- [Task brief]
The answer should hold only the lines from the one containing "10 Beagles dogs" through the one containing "Projížďka na koni" in the entries below, copied exactly, without pictures.

- [Extracted entries]
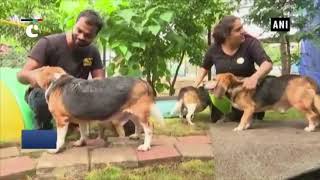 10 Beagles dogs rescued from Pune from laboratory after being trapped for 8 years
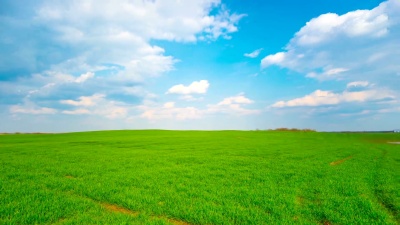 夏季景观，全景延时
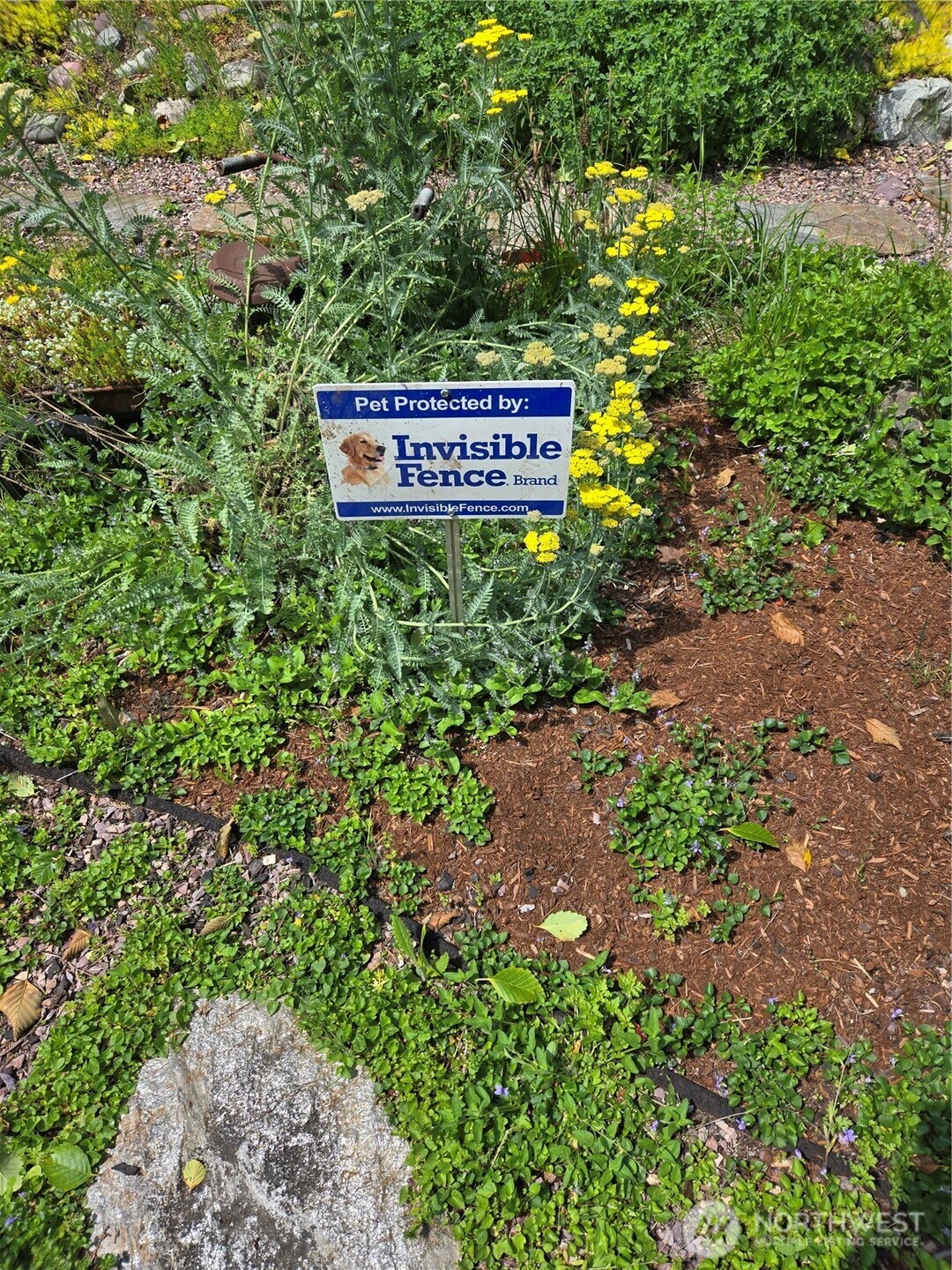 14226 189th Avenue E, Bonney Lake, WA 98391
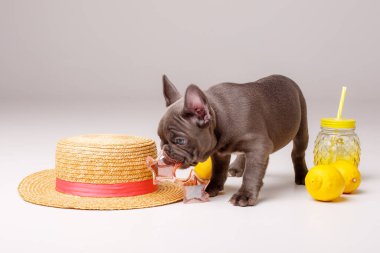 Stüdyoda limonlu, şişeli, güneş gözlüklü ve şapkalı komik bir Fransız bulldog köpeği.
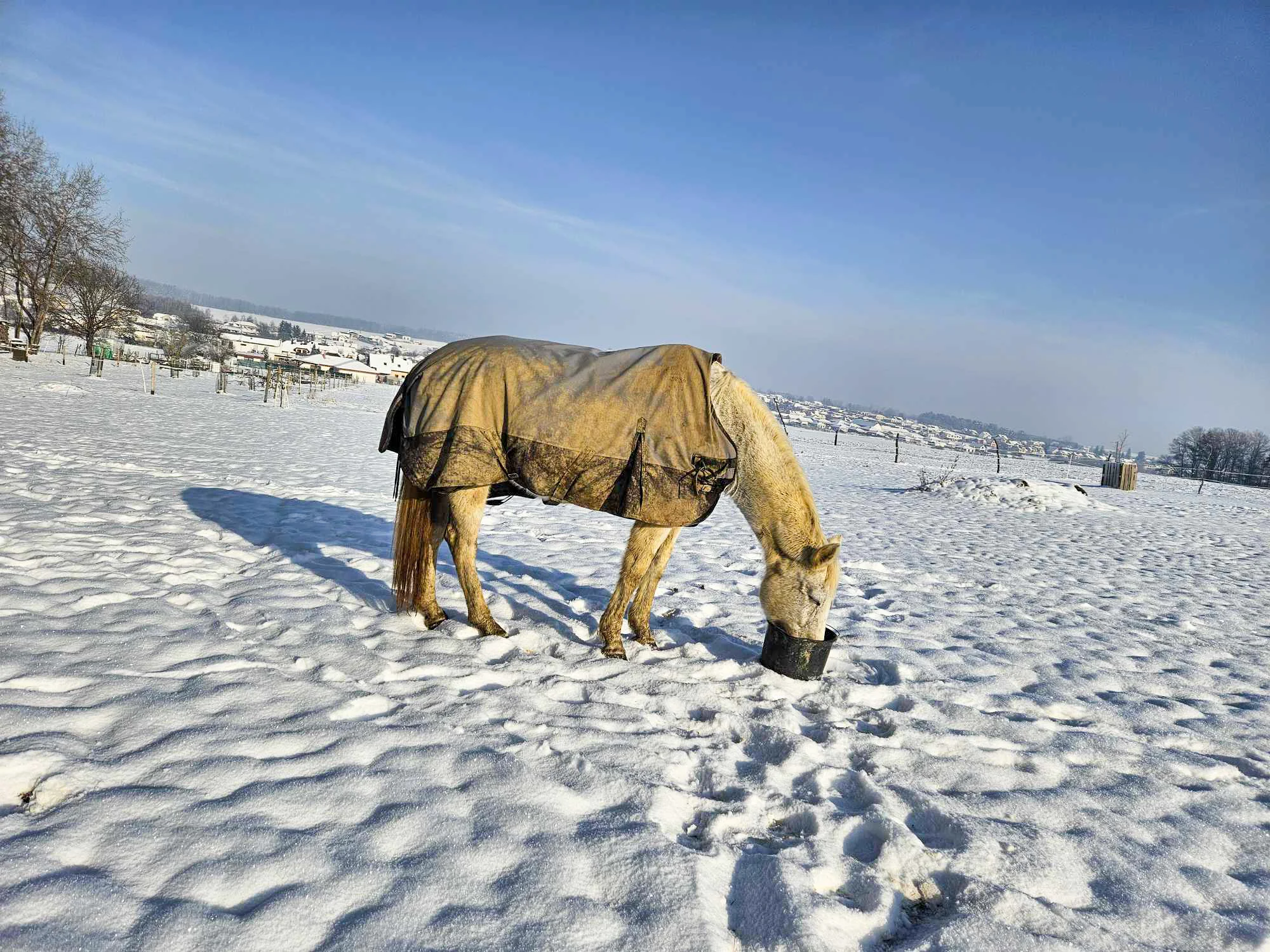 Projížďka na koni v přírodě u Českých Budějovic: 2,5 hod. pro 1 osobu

* * *

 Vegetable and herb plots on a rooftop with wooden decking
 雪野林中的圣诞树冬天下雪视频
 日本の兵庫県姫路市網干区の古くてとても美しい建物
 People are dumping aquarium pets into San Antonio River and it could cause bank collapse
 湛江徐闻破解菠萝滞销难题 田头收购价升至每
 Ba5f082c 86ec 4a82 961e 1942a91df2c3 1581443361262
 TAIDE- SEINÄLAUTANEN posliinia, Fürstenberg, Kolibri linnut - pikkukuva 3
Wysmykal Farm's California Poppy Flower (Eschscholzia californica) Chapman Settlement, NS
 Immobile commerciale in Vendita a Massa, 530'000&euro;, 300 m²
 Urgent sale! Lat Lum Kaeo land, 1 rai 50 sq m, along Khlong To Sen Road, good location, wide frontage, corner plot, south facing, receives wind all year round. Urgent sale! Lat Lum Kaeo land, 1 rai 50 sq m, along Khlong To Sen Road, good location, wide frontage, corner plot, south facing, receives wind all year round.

* * *

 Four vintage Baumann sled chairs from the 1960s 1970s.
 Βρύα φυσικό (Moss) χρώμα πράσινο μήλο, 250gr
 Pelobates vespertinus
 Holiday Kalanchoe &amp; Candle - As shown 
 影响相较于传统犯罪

- [Result of this task]
 10 Beagles dogs rescued from Pune from laboratory after being trapped for 8 years
 夏季景观，全景延时
 14226 189th Avenue E, Bonney Lake, WA 98391
 Stüdyoda limonlu, şişeli, güneş gözlüklü ve şapkalı komik bir Fransız bulldog köpeği.
 Projížďka na koni v přírodě u Českých Budějovic: 2,5 hod. pro 1 osobu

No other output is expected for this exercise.